[Collected data]
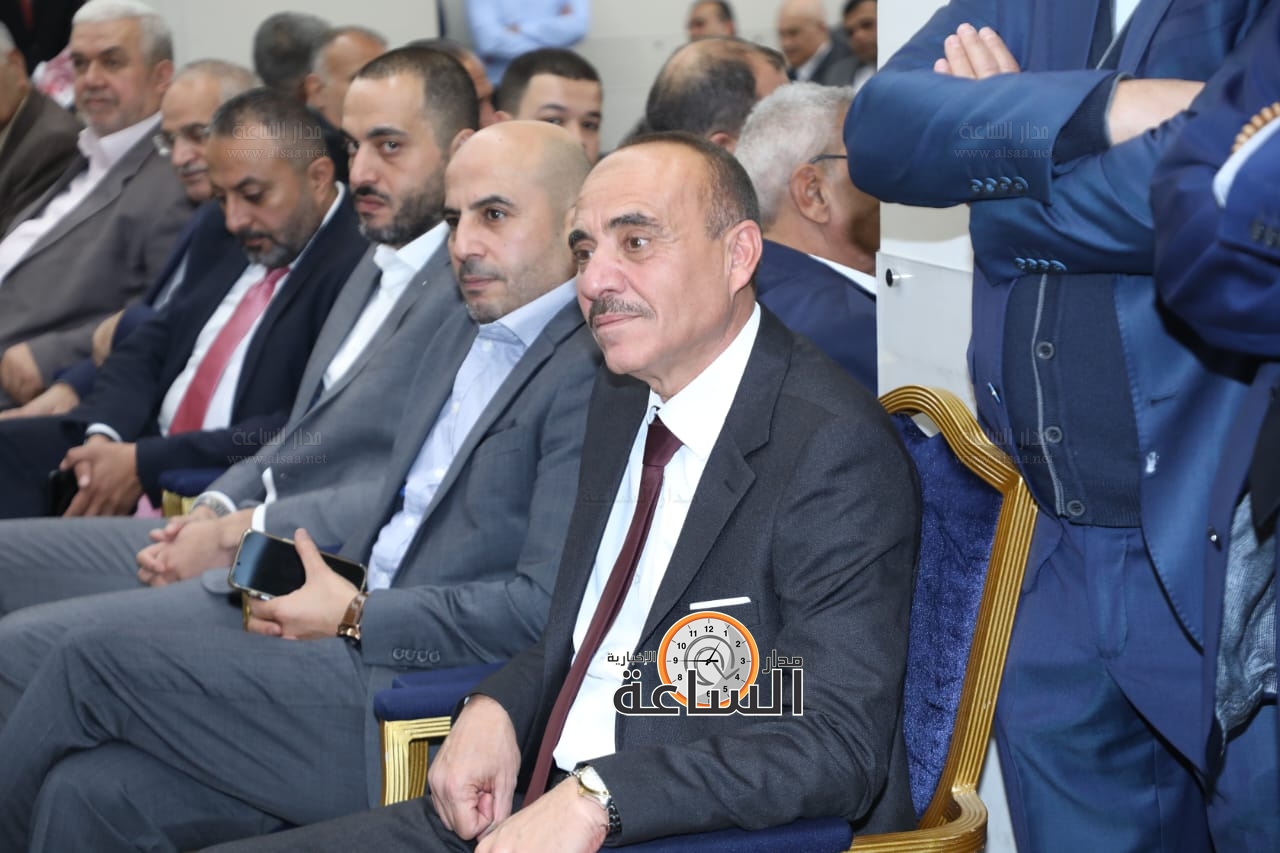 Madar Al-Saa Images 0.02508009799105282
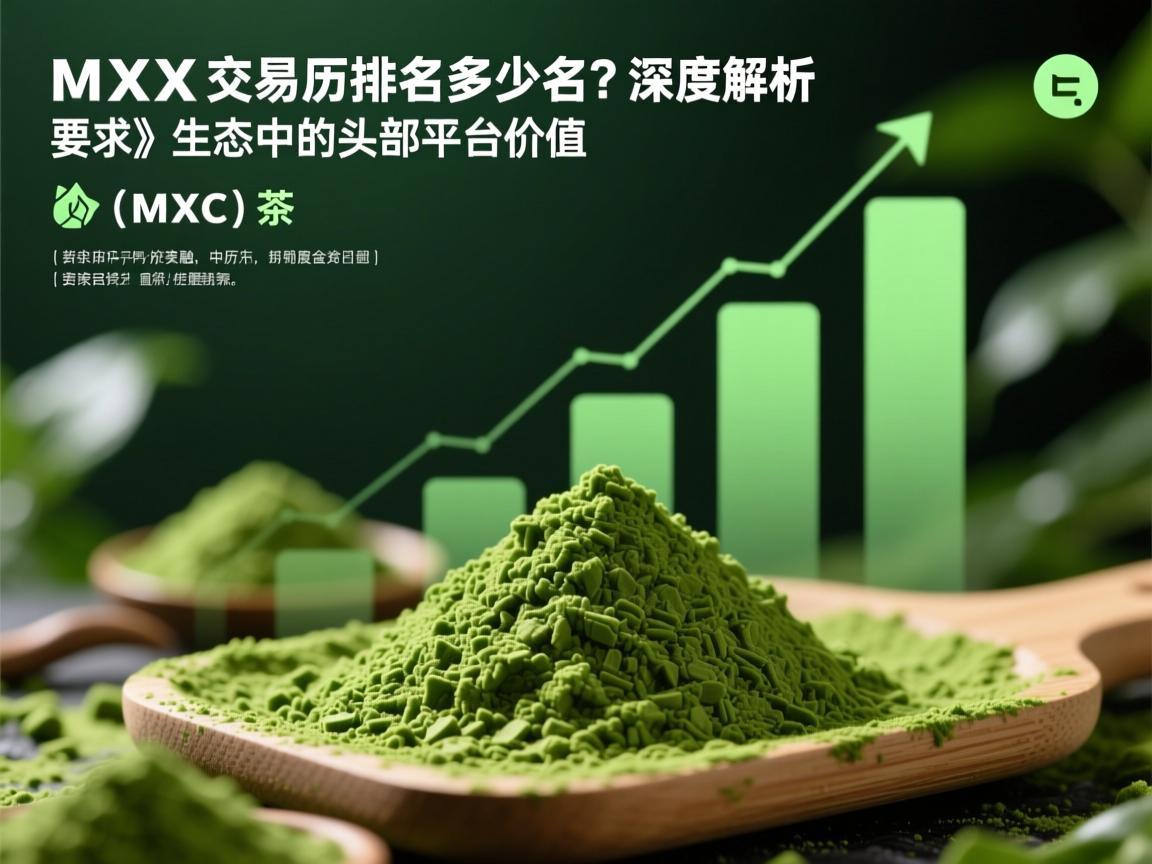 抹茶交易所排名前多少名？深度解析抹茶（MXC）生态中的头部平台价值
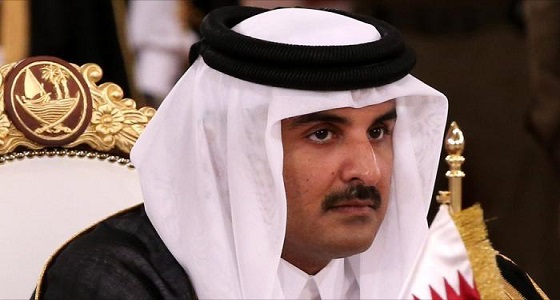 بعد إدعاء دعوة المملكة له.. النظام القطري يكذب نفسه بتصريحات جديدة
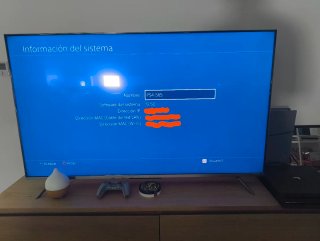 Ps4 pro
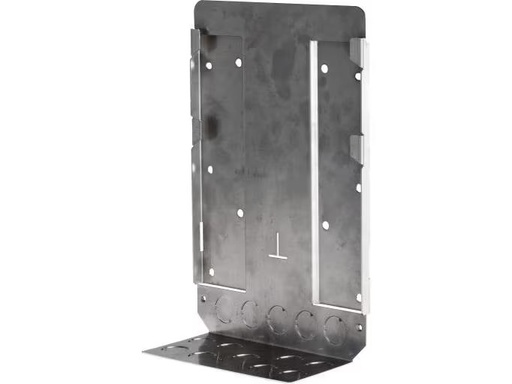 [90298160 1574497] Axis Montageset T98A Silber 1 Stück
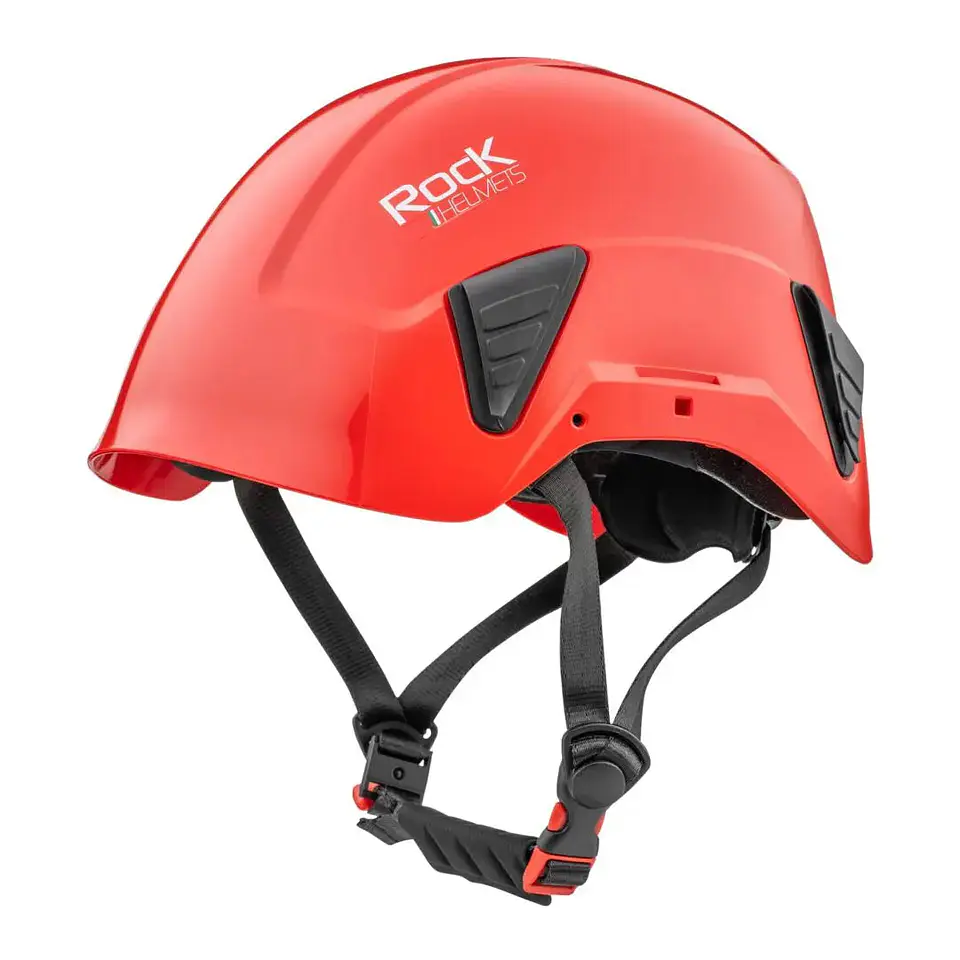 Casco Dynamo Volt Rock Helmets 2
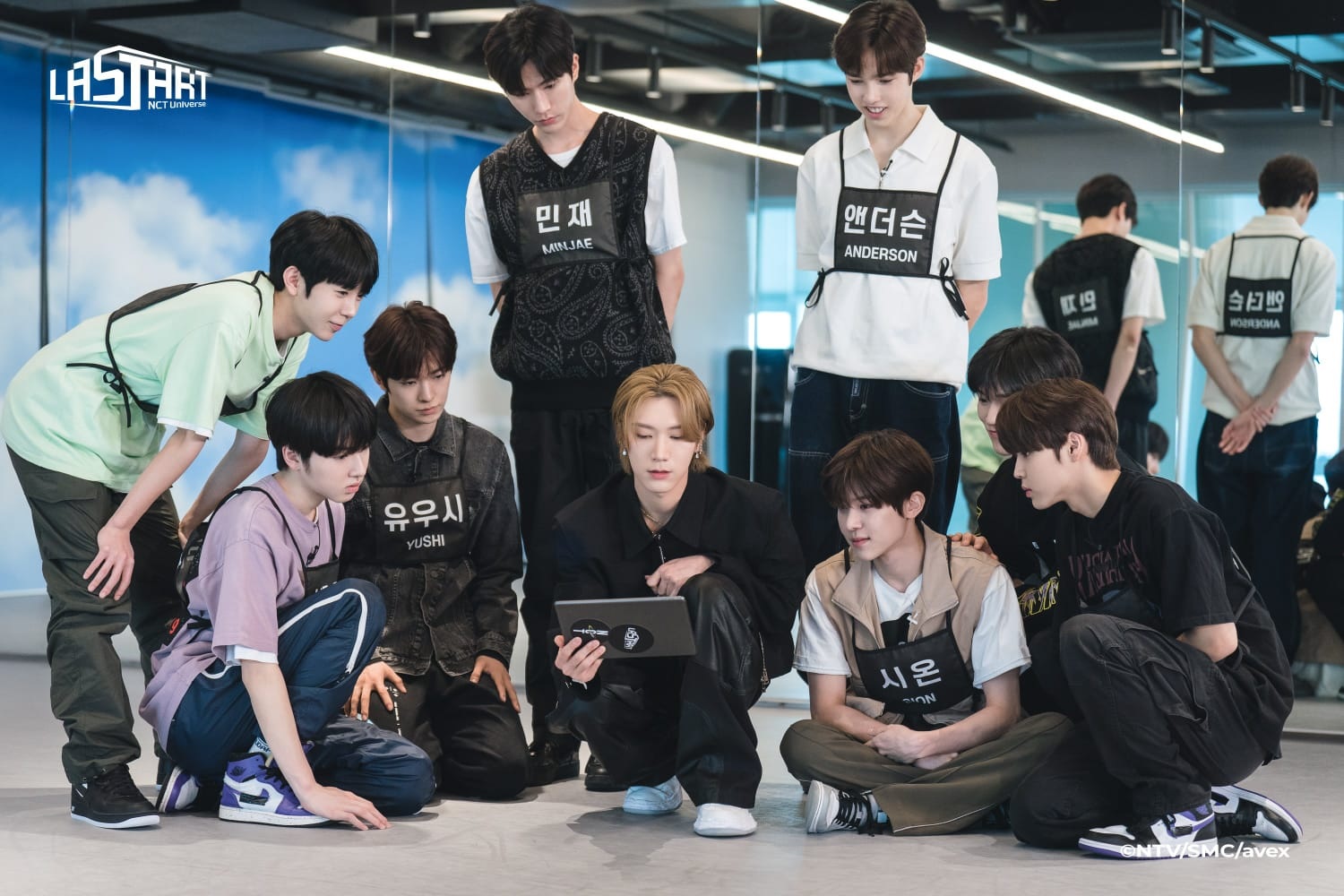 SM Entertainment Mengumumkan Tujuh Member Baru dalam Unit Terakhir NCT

▶ **What is being asked**
Only an exact copy of the entries, with no pictures, is expected as the answer.

▶ **Written solution**
 Madar Al-Saa Images 0.02508009799105282
 抹茶交易所排名前多少名？深度解析抹茶（MXC）生态中的头部平台价值
 بعد إدعاء دعوة المملكة له.. النظام القطري يكذب نفسه بتصريحات جديدة
 Ps4 pro
 [90298160 1574497] Axis Montageset T98A Silber 1 Stück
 Casco Dynamo Volt Rock Helmets 2
 SM Entertainment Mengumumkan Tujuh Member Baru dalam Unit Terakhir NCT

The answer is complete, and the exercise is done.